You need build up some pre-club energy, but don’t want to get your hair all smokey at those tam sang stalls that are everywhere on Thong Lor. Consider Niyom Pochana (125 Sukhumvit Soi 55, 02-3911517. Open daily 4pm-12am) for a wide variety of standards, even if they aren’t always that cheap. Get the real-deal poo pad pong kari (yellow crab curry, count B1,000 for a big crab) or the tom yam kung mae nam (tom yam with river prawns, B600). Less pricey but equally delicious is their moo satay (B80 for small). The place is situated in an old shophouse and is perpetually packed with local families, so do come early. Further up is the Vietnamese Nam Nueng (400 Sukhumvit Soi 55, 02-714-9575. Open daily 8am-10pm).
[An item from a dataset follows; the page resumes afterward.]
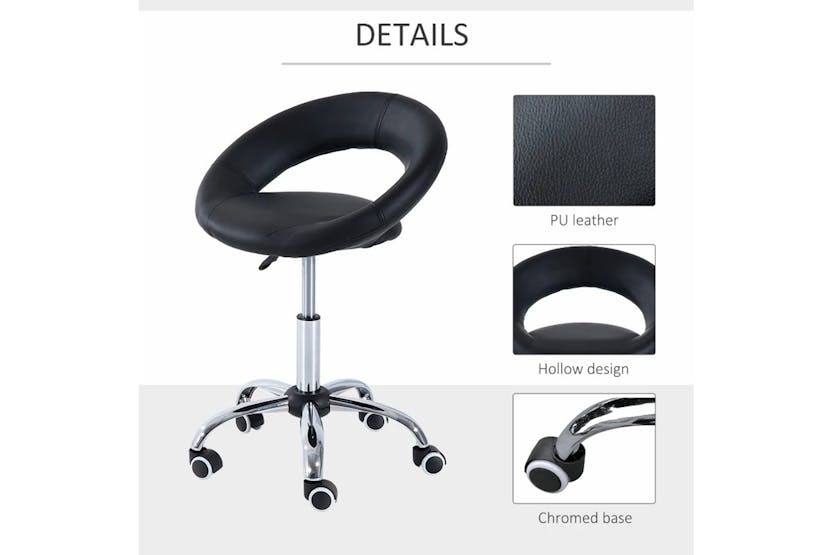 Homcom Beauty Stool with Adjustable Height | Black Homcom Beauty Stool with Adjustable Height | Black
Try their recommended dishes like the guay jub yuan (Vietnamese noodles, B60) and gung pun aoi (sugar cane wrapped with minced prawns, B100 for small).
So you’re done partying, you’re all out of cash and you need a late-night eat. Paikiew (081-826-9352. Open daily 12pm-5pm, 6pm-midnight) is located in front of Family Mart, Thonglor Soi 17, and attracts lots of people like you, so you can sometimes have a long wait. But it’s worth it for their tangy roasted duck which comes in a bamee ped (noodle soup with slices of duck, B40). Or, if it’s really late, you can go to the famed 55 Pochana at the beginning of Soi Thong Lor (1087-1093 Sukhumvit Rd., 02-391-2021. Open daily 5pm-3am). The must-orders are the or-suan (oyster omelette, B150) or dok kajon pad kai (stir-fried flowers with egg, B80). Be warned, though, the service can sometimes be a little gruff. But if you’re drunk and hungry, you won’t care. Just a few steps away is the hidden treasure Khao Tom Prung (1083 Sukhumvit Rd., 02-391-8433. Open Tue-Sun 4.30pm-10.30pm), with its diversity of toppings. A quality khao tom pla (rice soup with fish) dish is only B80. It’s fresh and tastes homemade. If you’re a real fish fan, there are also fish eggs and fresh fish maw, but for those, you have to show up before 7:30pm or call ahead to reserve.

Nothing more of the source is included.